I have to load say 50 files from different sources every month and these files are very small, less than 500 MB per file .

I am reading from S3 and loading to Delta table using Databricks and then exposing them through DB SQL.

  1. Do I really have to worry about partitioning in my delta table since its not a big file
  2. Is there any way to partition a delta table by size ?
  3. Not sure I understand completely how a vacuum/ optimize will run on a non partitioned delta table and so I am hoping that I will do optimize vacuum once monthly after my load.

does this sound correct ?

Please suggest from your experience/implementations

Sankar

Upvotes: 1

Views: 863

Answers (2)

Powers
Powers

Reputation: 19308

Do I really have to worry about partitioning in my delta table since its not a big file

Partitioning makes queries that filter on the partition key run faster. So if your data is partitioned by country, a query that has a WHERE statement like WHERE country='china' will be faster.

Partitioning exacerbates the small file problem, so you can just avoid it if your queries are running fast enough.

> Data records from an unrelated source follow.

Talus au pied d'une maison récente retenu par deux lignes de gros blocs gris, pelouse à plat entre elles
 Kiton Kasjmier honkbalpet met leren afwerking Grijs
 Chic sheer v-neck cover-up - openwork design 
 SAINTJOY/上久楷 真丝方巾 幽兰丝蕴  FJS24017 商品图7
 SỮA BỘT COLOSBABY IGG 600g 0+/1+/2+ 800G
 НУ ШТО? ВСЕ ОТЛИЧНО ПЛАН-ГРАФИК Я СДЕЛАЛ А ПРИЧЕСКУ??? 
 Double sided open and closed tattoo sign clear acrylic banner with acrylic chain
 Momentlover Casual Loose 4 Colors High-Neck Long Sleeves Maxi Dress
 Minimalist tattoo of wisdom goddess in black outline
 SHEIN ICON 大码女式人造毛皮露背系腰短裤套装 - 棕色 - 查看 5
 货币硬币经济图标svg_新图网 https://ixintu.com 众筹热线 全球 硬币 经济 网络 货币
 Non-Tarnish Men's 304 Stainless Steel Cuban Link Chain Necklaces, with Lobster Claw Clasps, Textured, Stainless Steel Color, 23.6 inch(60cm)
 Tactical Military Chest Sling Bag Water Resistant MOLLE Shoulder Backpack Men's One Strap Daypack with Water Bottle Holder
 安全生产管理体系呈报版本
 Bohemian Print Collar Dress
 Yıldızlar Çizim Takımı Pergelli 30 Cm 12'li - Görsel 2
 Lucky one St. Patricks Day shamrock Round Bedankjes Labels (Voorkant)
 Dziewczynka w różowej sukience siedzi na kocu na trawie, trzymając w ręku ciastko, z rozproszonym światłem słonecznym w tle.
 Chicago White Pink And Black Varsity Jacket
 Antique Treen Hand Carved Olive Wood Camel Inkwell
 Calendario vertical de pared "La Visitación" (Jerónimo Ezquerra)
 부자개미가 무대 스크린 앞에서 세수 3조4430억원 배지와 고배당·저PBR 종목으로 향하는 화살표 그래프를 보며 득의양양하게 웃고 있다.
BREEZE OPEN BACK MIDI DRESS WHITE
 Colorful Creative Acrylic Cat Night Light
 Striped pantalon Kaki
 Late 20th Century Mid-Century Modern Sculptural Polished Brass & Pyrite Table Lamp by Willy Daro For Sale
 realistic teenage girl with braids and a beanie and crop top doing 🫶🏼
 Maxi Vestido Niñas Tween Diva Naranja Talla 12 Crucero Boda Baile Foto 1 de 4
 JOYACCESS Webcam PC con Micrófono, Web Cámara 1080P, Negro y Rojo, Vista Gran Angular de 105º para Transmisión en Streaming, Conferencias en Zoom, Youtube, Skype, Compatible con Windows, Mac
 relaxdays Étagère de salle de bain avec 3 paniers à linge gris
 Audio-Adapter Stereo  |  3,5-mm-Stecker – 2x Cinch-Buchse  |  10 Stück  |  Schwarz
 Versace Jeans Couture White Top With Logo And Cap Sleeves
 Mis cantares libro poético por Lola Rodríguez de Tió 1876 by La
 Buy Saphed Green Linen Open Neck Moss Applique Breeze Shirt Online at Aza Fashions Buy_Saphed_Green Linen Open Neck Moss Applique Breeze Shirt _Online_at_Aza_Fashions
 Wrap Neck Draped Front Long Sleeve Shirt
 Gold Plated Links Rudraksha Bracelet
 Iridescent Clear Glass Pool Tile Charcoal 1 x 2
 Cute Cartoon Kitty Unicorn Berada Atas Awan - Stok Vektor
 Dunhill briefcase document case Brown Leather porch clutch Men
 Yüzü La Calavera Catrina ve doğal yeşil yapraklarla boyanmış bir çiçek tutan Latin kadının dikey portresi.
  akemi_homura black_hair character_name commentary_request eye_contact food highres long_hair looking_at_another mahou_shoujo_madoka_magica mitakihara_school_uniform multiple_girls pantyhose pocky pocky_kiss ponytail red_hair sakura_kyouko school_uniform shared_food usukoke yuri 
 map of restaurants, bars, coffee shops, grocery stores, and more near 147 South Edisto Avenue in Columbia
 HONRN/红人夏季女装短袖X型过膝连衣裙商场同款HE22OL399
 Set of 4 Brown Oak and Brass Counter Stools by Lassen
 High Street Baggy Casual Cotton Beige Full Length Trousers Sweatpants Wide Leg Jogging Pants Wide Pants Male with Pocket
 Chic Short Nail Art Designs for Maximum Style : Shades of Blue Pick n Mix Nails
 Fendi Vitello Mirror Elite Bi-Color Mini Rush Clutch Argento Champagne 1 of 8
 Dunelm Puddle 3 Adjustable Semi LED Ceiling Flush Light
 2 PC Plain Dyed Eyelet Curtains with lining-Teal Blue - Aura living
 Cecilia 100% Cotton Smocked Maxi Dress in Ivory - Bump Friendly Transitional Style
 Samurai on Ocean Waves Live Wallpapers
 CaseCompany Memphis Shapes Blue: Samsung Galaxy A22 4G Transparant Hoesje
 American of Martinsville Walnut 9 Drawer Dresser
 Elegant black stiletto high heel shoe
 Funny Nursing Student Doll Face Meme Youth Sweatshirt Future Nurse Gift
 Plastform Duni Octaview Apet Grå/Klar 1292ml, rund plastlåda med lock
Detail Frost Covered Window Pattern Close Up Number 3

Is there any way to partition a delta table by size?

You partition Delta Tables by columns in the data, so they're not partitioned by size

Not sure I understand completely how a vacuum/ optimize will run on a non partitioned delta table and so I am hoping that I will do optimize vacuum once monthly after my load.

OPTIMIZE will combine small files into bigger files (referred to as compaction or bin-packing). Big data processing systems don't like lots of small files. OPTIMIZE will compact the small files in an unpartitioned lake or the small files within each partition of a partitioned lake.

OPTIMIZE is only needed if you have a bunch of small files that should be compacted. If you're creating lots of small files then OPTIMIZE is really important, but it's less important if the files aren't really tiny.

Upvotes: 0

Alex Ott
Alex Ott

Reputation: 87119

Partitioning usually is used when your queries will benefit from it - for example, you have something like, country column and then your users will query data by a specific country. Otherwise partitioning isn't strictly required, especially with Delta that has additional optimizations, like data skipping, bloom filters, OPTIMZE ZORDER BY, etc. (see for example this answer, or this and this).

In general I would recommend to perform OPTIMIZE ZORDER BY after you load your data - it will compact small files, and will colocate related data closer to each other. OPTIMIZE on unpartitioned table usually works well, as it's trying to avoid touching the files that are already optimized. Just don't forget to run VACUUM periodically to get rid of the not referenced files.